Türkiye yiğitliğin hala
çok önemli olduğu ve
hak ettiğiniz şeye sahip
olduğunuz insanların
ülkesi. Aynı zamanda
karşılıklı anlayış ve
şefkatin Türkiye'yi dünyanın
geri kalanından
farklı kıldığını görüyorum.
Burası muazzam
bir geçmişe, aktif bir
bugüne ve harika bir
geleceğe sahip.
- Mersin'deki günlük hayatınızın akışından biraz bahseder misiniz? Yöresel tatları deneyimliyor musunuz?
- Mersin'deki günlük
maceralarımdan keyif
alıyorum. Her gün yeni insanlarla
tanışıyorum ve adım
adım Türkçe öğreniyorum.
Sınırsız tarihini
keşfediyorum ve tabii
ki yerel tatları deniyorum.
Her zaman olmayı sevdiğim güzel yerler listem zaten var. Mersin'de yemek virtüöz bir sahiplik ve sıkılmanıza izin vermeyecek sonsuz doğaçlama fantezisi...
İLHAM KAYNAĞIM...
- St. Petersburg'da doğdunuz ve konservatuar eğitiminizi de burada tamamladınız... Doğup büyüdüğünüz topraklar müziğinizi nasıl şekillendirdi?

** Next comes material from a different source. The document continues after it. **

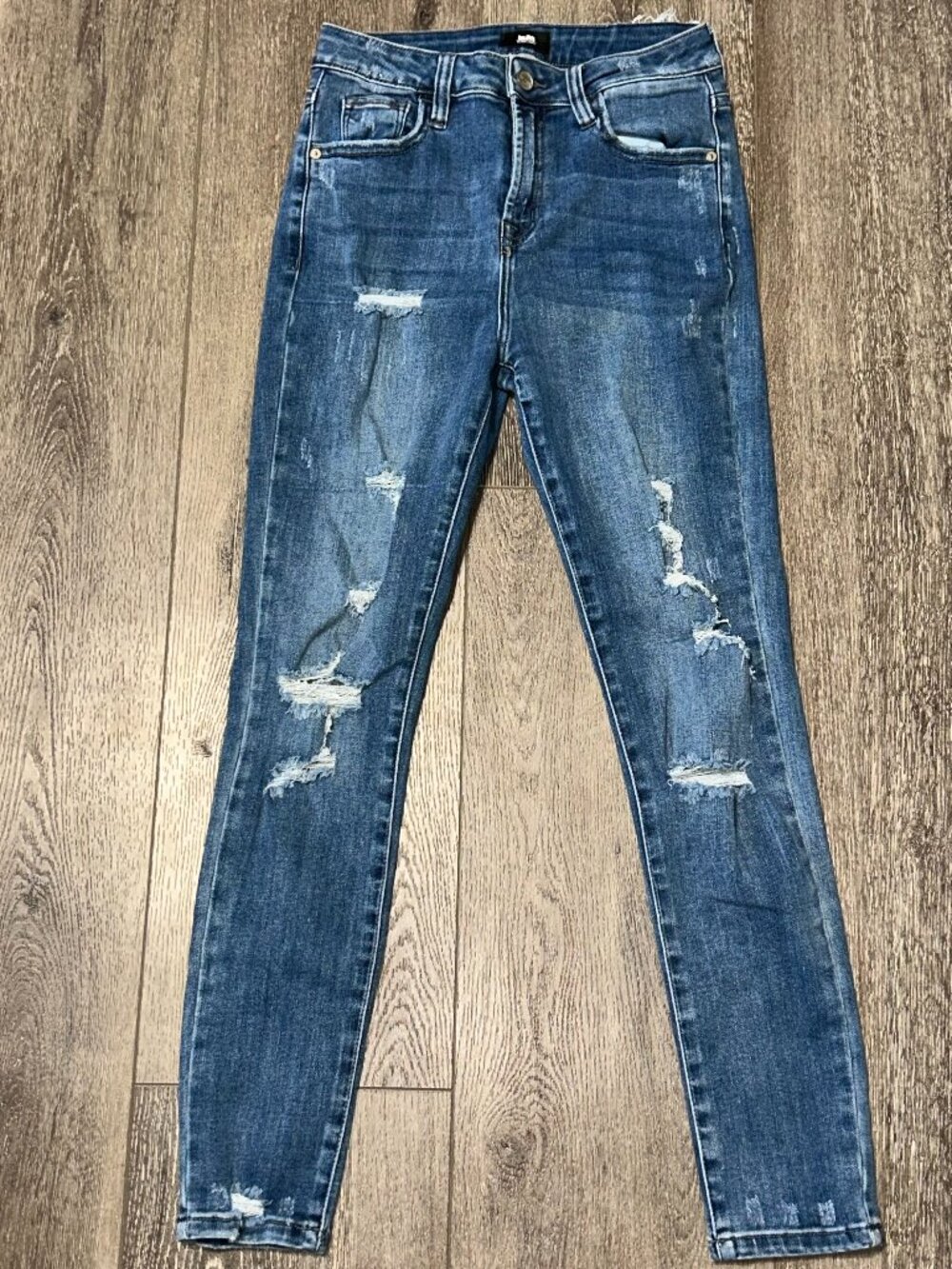 I&M Black Label Jeans Womens 5 Juniors Blue Mid Rise Skinny Stretch Distressed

- St.Petersburg inanılmaz bir şehir, hala... Bu şehrin insanlara karşı pek nazik olmamasına rağmen onu seviyorum. İki yönden şanslıyım ben, birincisi çok iyi bir ailede doğdum. Harika ebeveynlerim var ve sahip olduğum her şeyi onlar verdiler. İkincisi, öğretmenlerim. Bana olağanüstü bir eğitim verdiler, ilgi gösterdiler.
- Uzun yıllar St. Petersburg Devlet Senfoni Orkestrası'nın başkemancısı olarak çalıştınız. Türkiye'deki müziği nasıl değerlendiriyorsunuz?
- Tamamen yeni müzikler dinlemek ve farklı kültürleri keşfetmekle çok ilgileniyorum. Ve burada Türk müzik geleneklerinden ve Türkiye'den her zaman yeni ilham ve izlenimler alıyorum.
Türkiye'nin kendi içinde birleştiğini hissediyorum. Çok yenilikçi bir düşünce ile benzersiz üst düzey müzik tutkusu.
- Nef'in Filarmoni Orkestrası ile sahne aldınız? Orhan Şallıel ile nasıl bir arkadaşlığınız var?
- Böylesine iyi bir orkestra ile çalmak benim için büyük bir zevk ve onurdu! Önce ben Petersburg'daki uluslararası festivalde Orhan Şallıel ile tanıştım. Maestro Şallıel Türk kültürünü dünyanın her yerinde temsil eden seçkin bir insan ve büyük bir müzisyen. Müzikal fikirleri ve yorumları çok cesur ve çok ilham verici.